Was Sarajevo 1997 Start of “Global Citizen” Consciousness?

By, Ambassador Muhamed (Mo) Sacirbey

Photo Credit: Zoo Station

Art and music were integral part of defense and global solidarity that helped Sarajevo survive the longest modern siege of a European capital. From around the globe, artists as U2 frequently provided moral support, urged humanitarian help and echoed calls to help. They reminded of a responsibility. The war on Bosnia & Herzegovina (BiH) was as much an aggression upon diversity as it was a campaign against a country and an effort at ethnic cleansing. The start of the war was punctuated by not only mass killings but the fire bombing of Sarajevo’s historic library, cultural features as well as houses of worship and anything that memorialized a long history of diversity and tolerance. Sarajevo became the symbol of the will to defend but also counter the assault upon openness. As much as the meager weapons of war and ingenuity of citizen-defenders, the assault and siege was resisted by exhibitions of art, film and music.
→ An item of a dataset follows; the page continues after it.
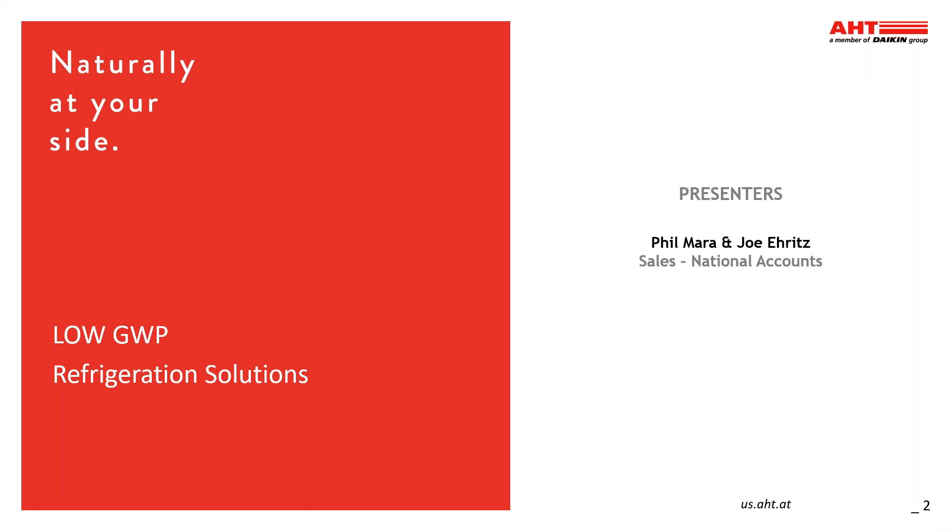Thank you for joining us today. I'm Phil Mara, and with me is Joe Eretz. Today we're going to review AHT's low GWP product offerings.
It was only fitting that the survival of Bosnia would be celebrated with music, and it was exclamation point of one big show that would bring together the world, the culture and diversity that was Sarajevo’s salvation. That is where U2 came in again, along with local performers and thousands of others from around the region, indeed the world who came to celebrate a new global consciousness along with the music.

Luciano Pavarotti & “War Child”:

Bono and I had met at Pavarotti’s benefit concert in Modena, Italy, (Luciano’s hometown) on behalf of the children of BiH. Luciano was as much humanitarian and gracious host as great tenor and public personality. “War Child” had begun its life as a global NGO that would enlist the personality, empathy as well as art of musicians to provide aid for the children of BiH. (As BiH’s first Ambassador to the UN I had the opportunity and honor to sign War Child’s first charter that would empower it to work in Bosnia, its first mission as a new NGO anywhere.) A school and music center would be dedicated to Luciano Pavarotti in 1998 but in the summer of 1995 when the war still raged the great artist was host to a global array of stars and dignitaries, (over several annual concerts including Bono, The Edge, Sting, Natalie Cole, Mariah Carey, Eurythmics, Stevie Wonder, Jon Bon Jovi, Elton John, Meatloaf, Eric Clapton, Brian Eno, Neville Brothers and Princes Diana among too many to properly acknowledge.) The proceeds of the night long event were part of the fundraising for War Child and the children of BiH, including a new music center. (Brian Eno and wife committed much of their time and energy to establish the school and music center in the divided city of Mostar that would eventually bear Pavarotti’s name.)  As memorable as the sentiments and music dedicated to the long besieged city and what it represented, Pavarotti, Bono, Eno and the others performed a special song dedicated to courage, ingenuity and beauty of the city, particularly its people, “Miss Sarajevo” (They had recorded as artists, “Passengers”).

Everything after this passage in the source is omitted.